Конечно, в Смоленске было куда лучше, чем во всех этих Красных, Люблинах, Лубнах… Там для Марианны был воздвигнут особый дворец, а встречали ее несколько десятков тысяч человек, которые кланялись ей в пояс. Здесь было все смоленское духовенство с иконами и хлебом-солью. На стенах обширной крепости Смоленской стояло до двух тысяч стрельцов.
В числе встречающих были князь Василий Мосальский-Рубец и Михаил Нагой. Против второго Марианна ничего не имела, ведь он был братом матери Димитрия, а стало быть, его дядей, а вот при виде Мосальского-Рубца с трудом сдержала ненависть. Ведь именно этот человек в свое время привел к Димитрию на ложе Ксению Годунову – оставив ее в живых, вместо того чтобы убить вместе с матерью и братом! О чем думал Димитрий, присылая Мосальского встретить свою обрученную невесту? Что он хотел дать ей понять? На что намекнуть?
– О Бог мой, панна, моя дорогая панна, ради чего вы забиваете свою хорошенькую головку всякой ерундой? – всплеснула руками Барбара Казановская, когда после долгих расспросов госпожа наконец-то открыла ей причину своей печали. – Мужчины вообще ни о чем не думают, разве вы этого не знали?
Марианна задумчиво покачала головой. Димитрий думал о ней, это несомненно! Разве иначе прислал бы он для своей невесты пятьдесят четыре белые лошади с бархатными шорами и три кареты с окнами, обитые внутри соболями. При этом было множество других подарков. И все же необходимость лицезреть постоянно Мосальского-Рубца была той ложкой дегтя, которая испортила Марианне всю бочку праздничного меда!
Она впервые задумалась о том, что уже совсем скоро, недели через две, будет отпразднована их с Димитрием свадьба и их многолетние однообразные отношения – пылкие с его стороны и прохладные с ее – должны будут совершенно измениться. Они станут супругами, возлягут на ложе, и Марианна узнает, что такое мужская любовь…
– Барбара, – пробормотала она с усилием, – скажи…
Барбара насторожилась. Она чувствовала настроение госпожи так же безошибочно, как птицы чувствуют непогоду. И, кажется, понимала, о чем сейчас пойдет речь…
Она в первую минуту была изумлена, услышав слова панны Марианны:
– Барбара, скажи… Что говорят люди о моей сестре?
– О вашей сестре? Что говорят люди о вашей сестре?! О пани Вишневецкой?
– Ну да, да! – нетерпеливо воскликнула Марианна. – Что говорят о ней?
Барбара недоумевающе вскинула брови и вдруг понимающе кивнула. Так вот оно что…
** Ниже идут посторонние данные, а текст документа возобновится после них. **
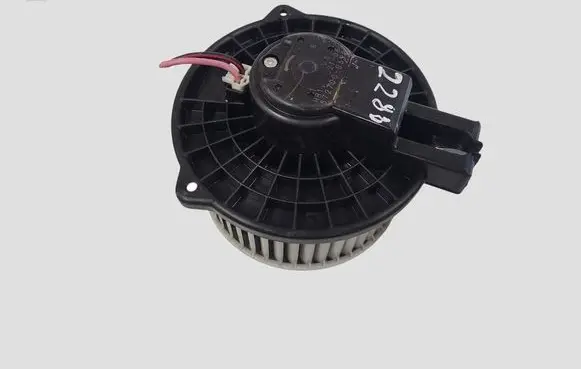 Mazda CX-7 Heater fan/blower 8727000690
– Ох, сударыня, – дипломатично пожала плечами Барбара, – вы же знаете, что я никогда не прислушиваюсь к сплетням.
Марианна подавила смешок: более завзятой сплетницы, чем Барбара Казановская, она в жизни не видела. Потому ей и не было скучно с Барбарой, что и сама панна Мнишек втихомолку питала склонность к этому старому как мир развлечению благородных и вовсе не благородных дам.
– Я могу только сказать то, что сама думаю на этот счет, – продолжила Барбара, дождалась поощряющего кивка от госпожи, а потом ее не надо было ни поощрять, ни подгонять, а ежели бы Марианна пожелала остановить свою подругу и наперсницу, то ей пришлось бы приложить для сего немалые усилия. Впрочем, она и не собиралась останавливать Барбару!
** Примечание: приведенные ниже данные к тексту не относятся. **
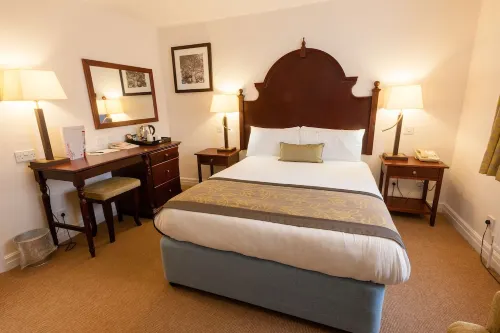 De Vere Tortworth Court Rooms Photos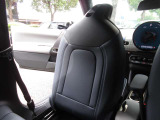 外装はもちろんのこと、内のクリーニングも徹底。中古車を感じさせない美しいコンディションでお渡しいたします。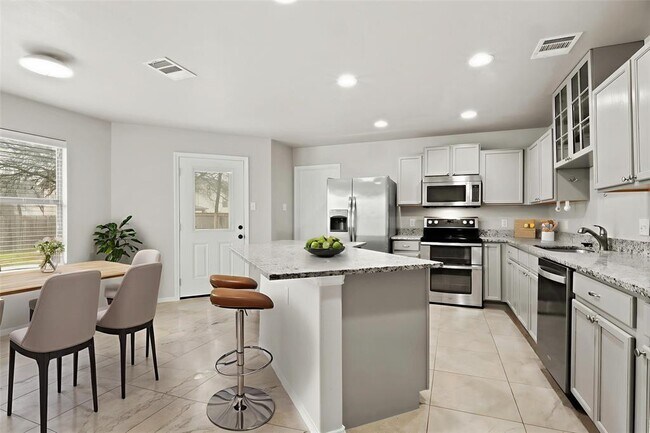 Foto del edificio - 4901 Woodstock Dr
– Конечно, не слишком хорошо, когда у супружеской пары так долго нет детей. Это свидетельствует либо о нездоровье, либо о неладах между мужем и женой. А ежели судить по тому, что пан Константин не пожелал, чтобы пани Урсула сопровождала его в этом путешествии, речь идет именно о неладах. Это печально, сударыня, потому что пани Урсула и хороша, и умна, однако… увы, Бог не дал ей того, что непременно должно быть в каждой женщине: умения не только поймать, но и удержать при себе мужа. Видите ли, моя дорогая, мужчины – странные создания. Они женятся на невинных скромницах, однако втихомолку желают, чтобы на супружеском ложе те вели себя как истинные блудницы. Вот возьмите хотя бы Стефку Богуславскую. Ей будет трудновато отыскать себе мужа, однако не сомневаюсь, что, упрекая ее днем за легкомыслие, ночью он будет в восторге от своей супруги!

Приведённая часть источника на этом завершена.